- _REQUIRED ACTION_
An exact copy of all the data is required, with pictures left out.

- _SUPPLIED INFORMATION_
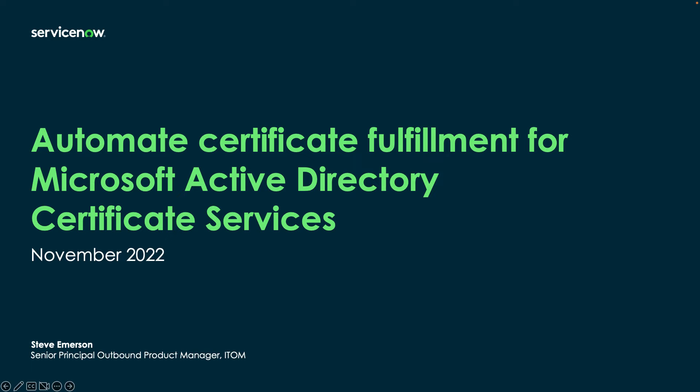Hello, everyone. My name is Steve Emerson, and I'm the outbound product manager for ITOM Visibility here at ServiceNow. Today, I'm going to demonstrate how you can automate fulfillment for Microsoft Certificate requests with ServiceNow.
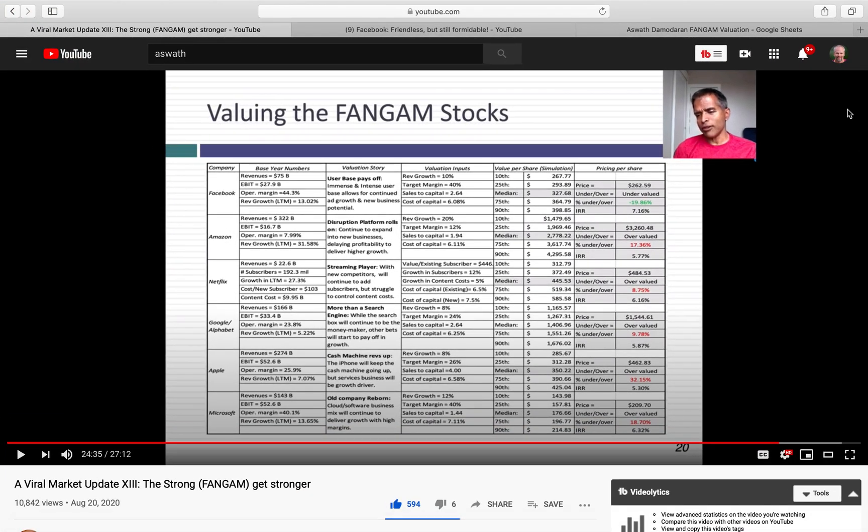Hey, what's up, Stock Compounders? Brad here. So today I want to talk about six companies that Aswath Damodaran has valued. He put this out on Thursday, just a couple days ago, on August 20th.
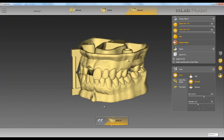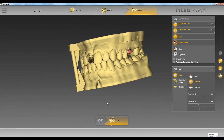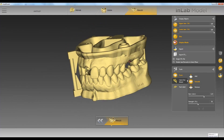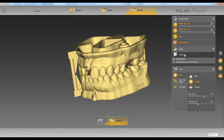Once your model is where you want it you can go ahead and export the file. We'll click export file right here and export it as an STL. If you have this unchecked right here you'll have four separate STLs.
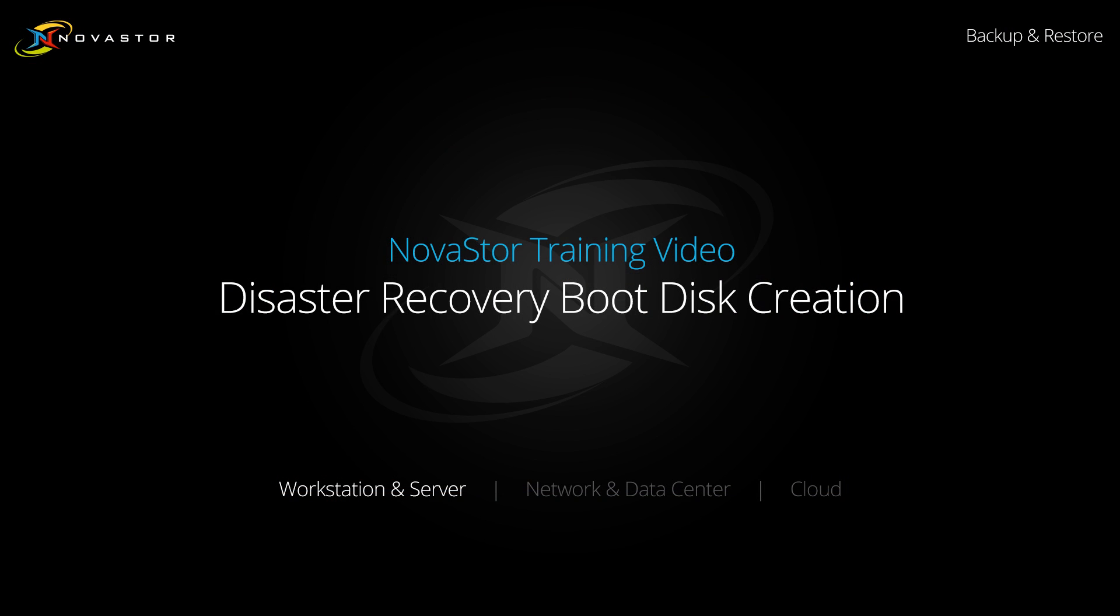This concludes the Nova Backup Disaster Recovery Boot Disk Training video. If you have any questions, always feel free to check out support.novastore.com and submit a ticket to our support team.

- _RESULT FOR THIS EXERCISE_
Hello, everyone. My name is Steve Emerson, and I'm the outbound product manager for ITOM Visibility here at ServiceNow. Today, I'm going to demonstrate how you can automate fulfillment for Microsoft Certificate requests with ServiceNow.
Hey, what's up, Stock Compounders? Brad here. So today I want to talk about six companies that Aswath Damodaran has valued. He put this out on Thursday, just a couple days ago, on August 20th.
Once your model is where you want it you can go ahead and export the file. We'll click export file right here and export it as an STL. If you have this unchecked right here you'll have four separate STLs.
This concludes the Nova Backup Disaster Recovery Boot Disk Training video. If you have any questions, always feel free to check out support.novastore.com and submit a ticket to our support team.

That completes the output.